The simultaneous move to cash by Li and Buffett should be viewed as a definitive end to the post-pandemic 'easy money' cycle. Unlike retail investors who chase momentum, these titans prioritize capital preservation and the 'optionality' that cash provides during a crisis. Their exit from the UK and US tech sectors indicates they believe risk is no longer being adequately priced by the market. In a world of high-interest rates and escalating regional conflicts, their massive liquidity positions them not just to survive an upcoming downturn, but to fundamentally reshape their empires by acquiring devalued competitors when the bubble eventually bursts.

China Daily Brief Editorial
Strategic Insight
China Daily Brief

In the opening months of 2026, a chilling signal has vibrated through global capital markets from two of the world’s most seasoned financiers. Li Ka-shing, 97, and Warren Buffett, 95, have begun a synchronized retreat, liquidating vast swaths of their portfolios in favor of historic cash reserves. This rare alignment between the 'Superman' of Hong Kong and the 'Oracle of Omaha' suggests a shared conviction that the global economy is approaching a dangerous inflection point.

Li Ka-shing’s CK Hutchison recently finalized the sale of its UK telecom holdings for HK$45.5 billion, marking his third major British divestment of the year. Following the offloading of core power grid assets in February and previous telecom stakes in May, the family’s total cash-out has exceeded HK$155.5 billion. Rather than being reinvested, these proceeds have been funneled directly into cash equivalents to bolster the group’s balance sheet against what it terms 'potential market risks.'

Across the Pacific, Berkshire Hathaway’s latest filings reveal a similar defensive posture. Warren Buffett has overseen the 14th consecutive quarter of net stock sales, trimming positions in long-held staples like Apple and Bank of America. Berkshire’s cash mountain has surged to a record-shattering $397.3 billion, an unprecedented figure that reflects a deep-seated skepticism toward current equity valuations and lingering concerns over tech bubbles and geopolitical instability.

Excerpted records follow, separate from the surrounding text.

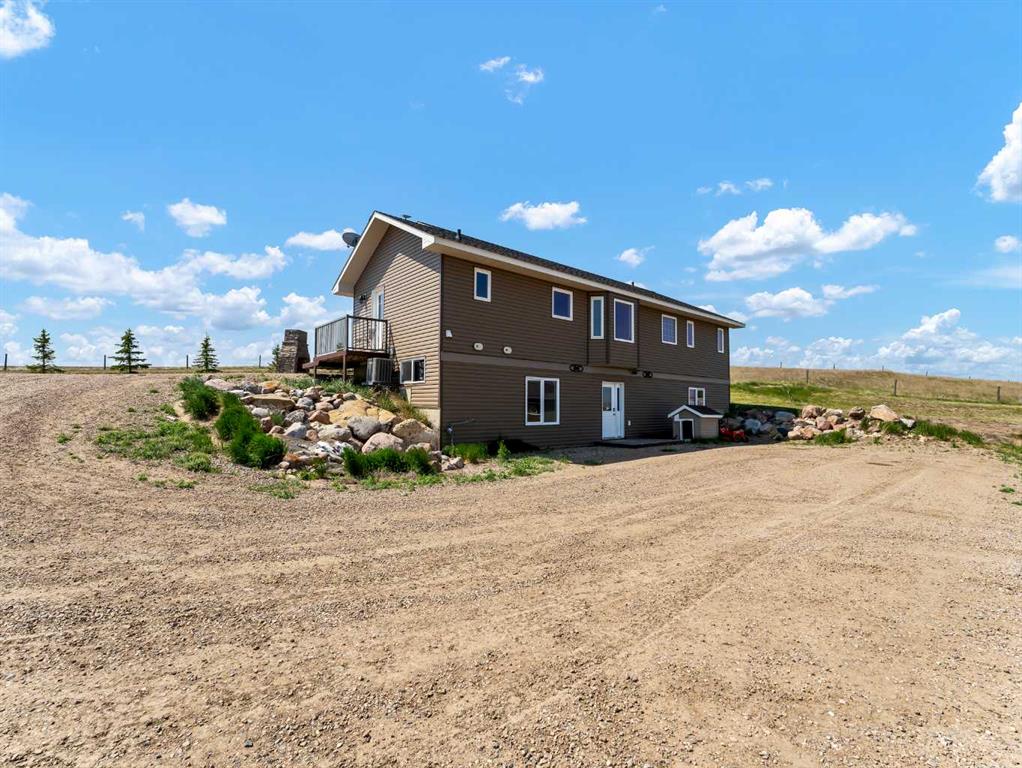 13308 Range Road 32  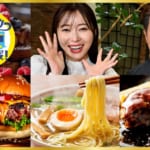 テレビ朝日「キッチンカー大作戦！」はキッチンカー運営者必見の内容です！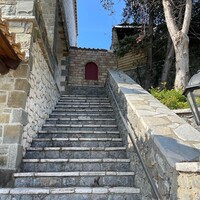 Вилла в Греции, Ионические острова, Корфу, 153 кв.м.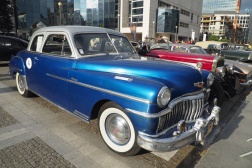 Chrysler DeSoto S13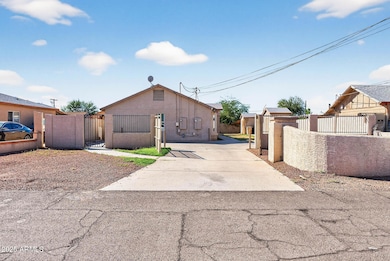 8321 W Edwards St, Peoria, AZ 85345 - photo 5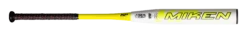 2022 Miken Freak KP 23 12" USSSA Slowpitch Softball Bat: MKP22U -Baseball Sale Shop MKP22Uback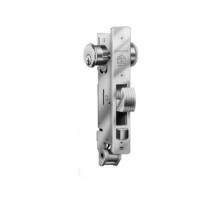 Adams Rite MS-1891W2016-628 Lockset for 31/32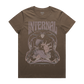 Internal Tee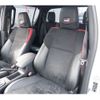 toyota hilux 2024 -TOYOTA 【千葉 130ｽ 639】--Hilux 3DF-GUN125--GUN125-3953493---TOYOTA 【千葉 130ｽ 639】--Hilux 3DF-GUN125--GUN125-3953493- image 26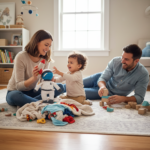 Austronaut Amigurumi Crochet Pattern | Digital Download - Image 8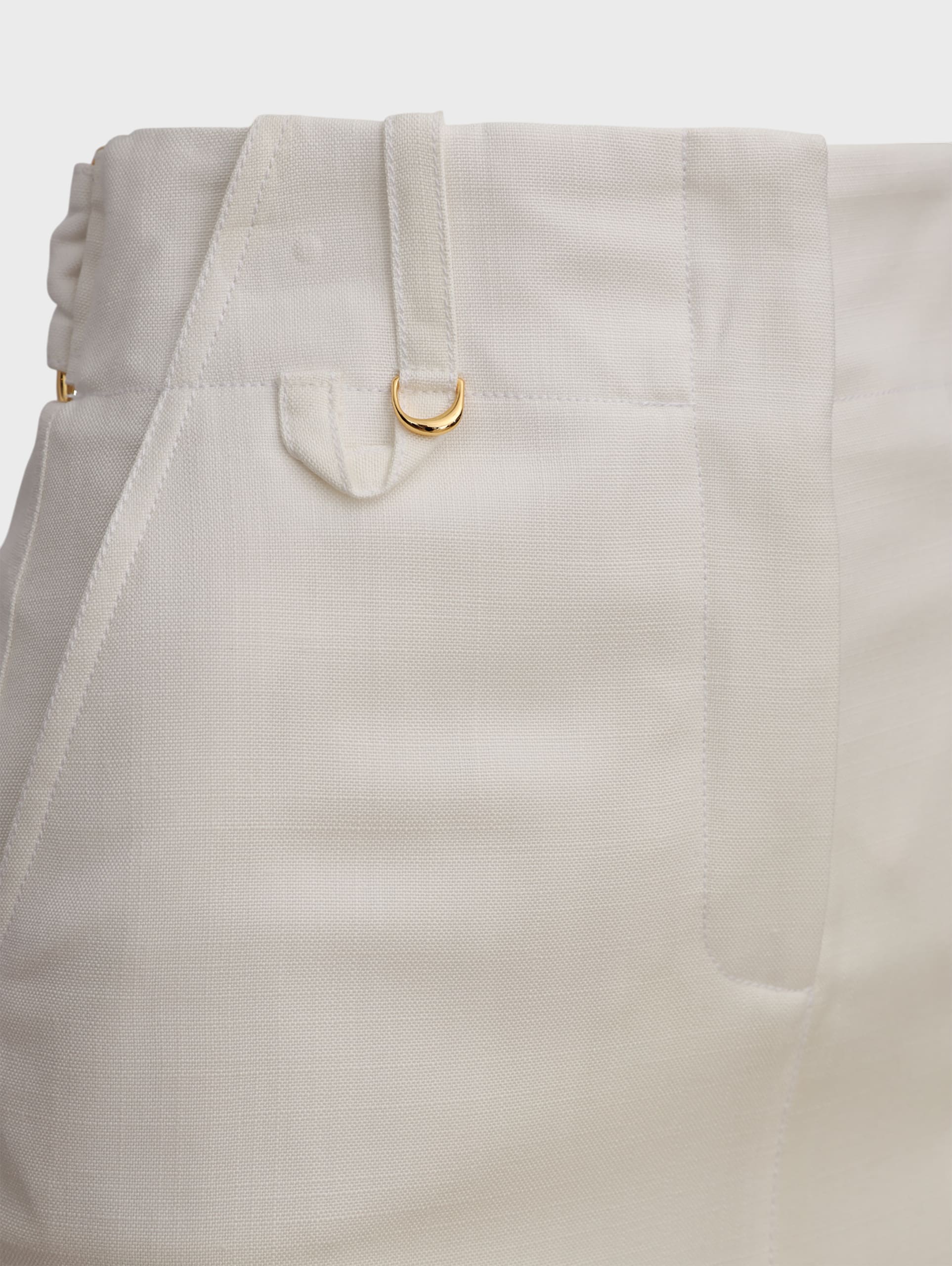 юбка 070635 - фото 3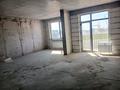 2-бөлмелі пәтер · 49.8 м² · 2/7 қабат, Естай 39/3, бағасы: 24 млн ₸ в  — фото 12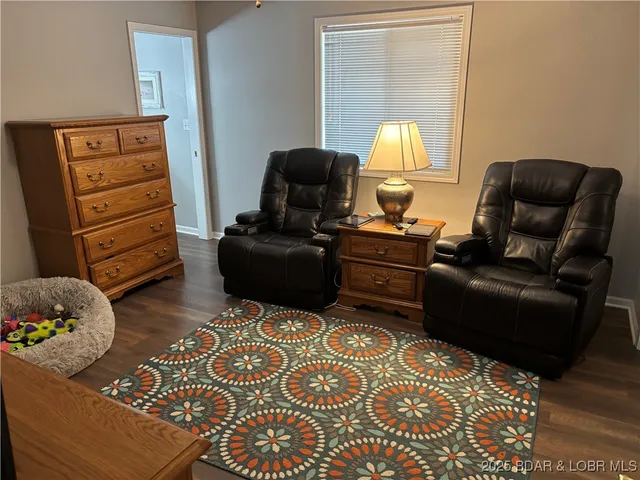 $397,500 | 368 Westwood Drive, Camdenton, MO 65020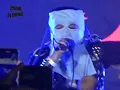 Download Lagu SUKATANI - REALITAS KONSUMERISME (HQ AUDIO)
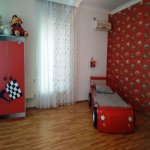 Kirayə (aylıq) 5 otaqlı Həyət evi/villa, Bilgəh qəs., Sabunçu rayonu 23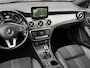 Mercedes-Benz CLA Shooting Brake 180 D Led - Navi - Sport Pakket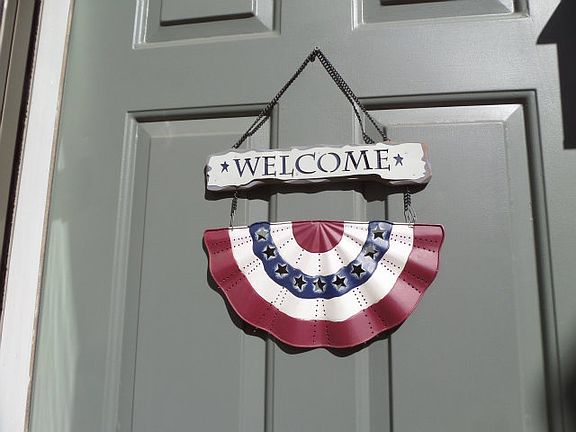 4th image of 17187 Creekside Cir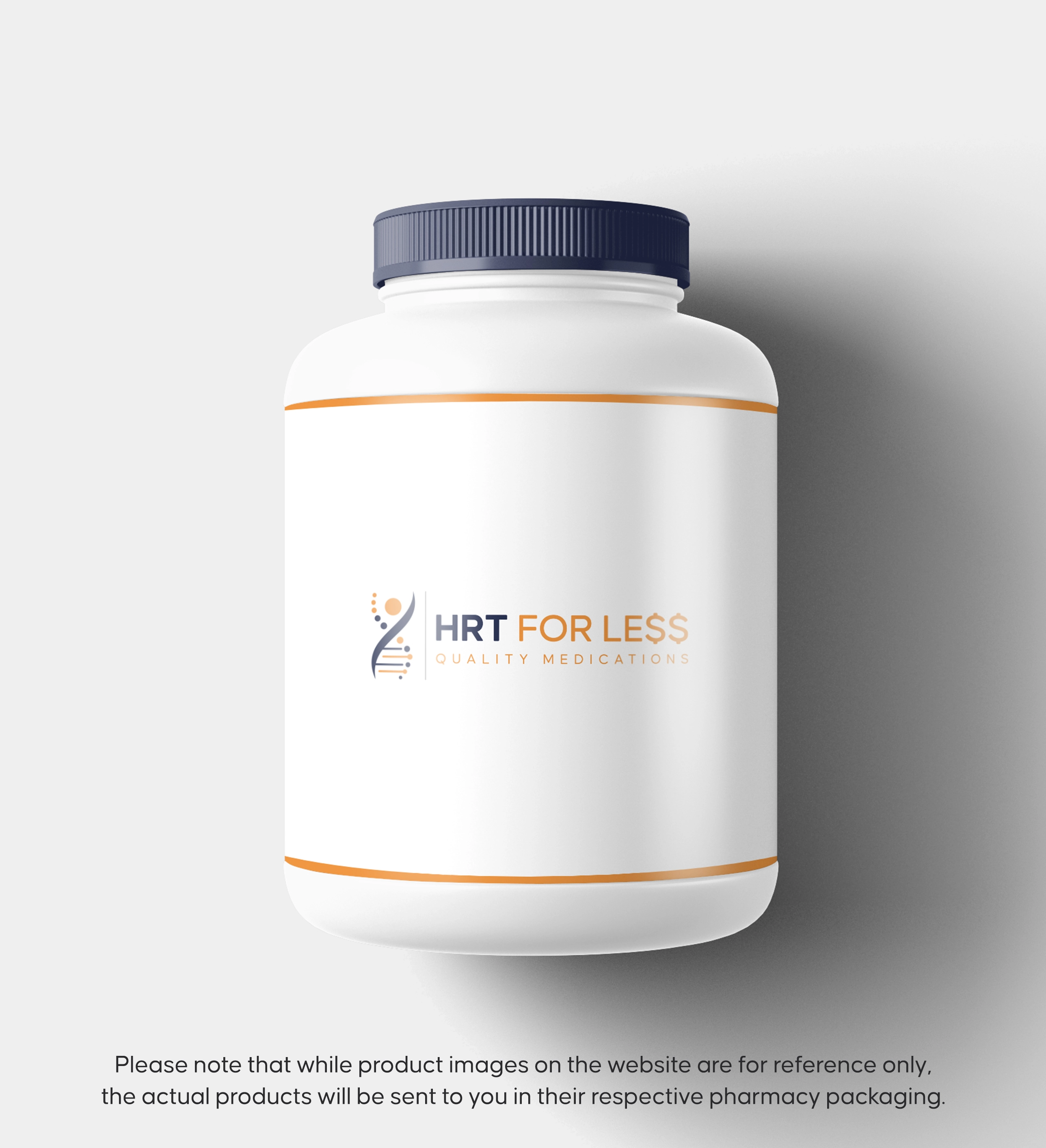 GlutaShield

While their sectors differ—Li focuses on infrastructure and energy while Buffett prioritizes consumer value and cash flow—their underlying philosophy remains identical. Both men have built their legacies by 'never reaching for the last penny' and maintaining the discipline to exit early. Their current actions echo the tactical retreats they made prior to the 1997 Asian Financial Crisis and the 2008 global meltdown, during which their liquidity allowed them to acquire distressed assets at cents on the dollar.

The strategic shift represents more than just a pessimistic outlook on growth; it is a masterclass in cycle management. By prioritizing 'dry powder' over market participation, these centenarian investors are signaling that the era of easy gains has ended. For the broader market, the message is clear: when the most successful hunters in financial history stop to check their gear and secure their perimeter, it is usually a sign that a storm is brewing.